Long-term exposure raises more serious concerns. The suspected health effects of chronic VOC exposure include sensory irritation, worsening of allergies and asthma, neurological damage, liver toxicity, and cancer. Several individual VOCs, benzene and formaldehyde among them, are classified as known human carcinogens. The risk from chronic exposure depends heavily on which specific compounds are involved and at what concentration, which is another reason why TVOC alone is a limited indicator.

Where High VOC Levels Show Up

VOC levels spike predictably in certain situations. Freshly painted rooms can have TVOC readings many times higher than normal, with concentrations dropping over the following days and weeks as the paint cures. New furniture, carpeting, and building materials off-gas most intensely in the first weeks after installation, then gradually taper off. The EPA notes that concentrations of many VOCs are consistently higher indoors than outdoors, sometimes by a factor of ten, even in homes without obvious chemical sources.

Certain activities create temporary surges: using spray cleaners, painting, applying adhesives, operating laser printers, or even cooking with gas.

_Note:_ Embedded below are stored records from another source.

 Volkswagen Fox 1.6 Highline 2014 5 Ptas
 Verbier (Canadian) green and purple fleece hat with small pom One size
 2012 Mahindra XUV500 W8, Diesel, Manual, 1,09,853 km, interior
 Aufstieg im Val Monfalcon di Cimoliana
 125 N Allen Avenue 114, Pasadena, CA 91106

These spikes can push indoor VOC levels well above baseline for minutes to hours, depending on ventilation.

How to Lower Indoor VOC Levels

Ventilation is the simplest and most effective strategy. Opening windows and running exhaust fans during and after activities that release VOCs, like painting or cleaning, dilutes indoor concentrations quickly. Storing paints, solvents, and chemical products in a garage or well-ventilated area rather than inside living spaces helps keep baseline levels lower.

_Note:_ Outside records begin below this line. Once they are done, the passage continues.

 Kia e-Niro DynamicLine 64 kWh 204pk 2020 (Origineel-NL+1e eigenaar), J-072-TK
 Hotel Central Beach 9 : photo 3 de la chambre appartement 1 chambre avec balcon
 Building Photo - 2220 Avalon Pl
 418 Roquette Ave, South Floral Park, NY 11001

Choosing low-VOC or zero-VOC versions of paints, adhesives, and cleaning products makes a measurable difference, especially during renovations. When buying new furniture or flooring, allowing items to off-gas in a ventilated space before bringing them into a bedroom or small room reduces peak exposure.

For air purification, activated carbon filters remain the most reliable technology for removing VOCs. A study from MIT found that among indoor air cleaners tested, the ones that performed best at VOC removal relied on physical sorbent filters (activated carbon), not chemical oxidation. Standard HEPA filters, while excellent for particles like dust and pollen, do not capture gaseous VOC molecules. If you’re shopping for an air purifier specifically to address VOCs, look for one with a substantial activated carbon filter rather than relying on HEPA alone.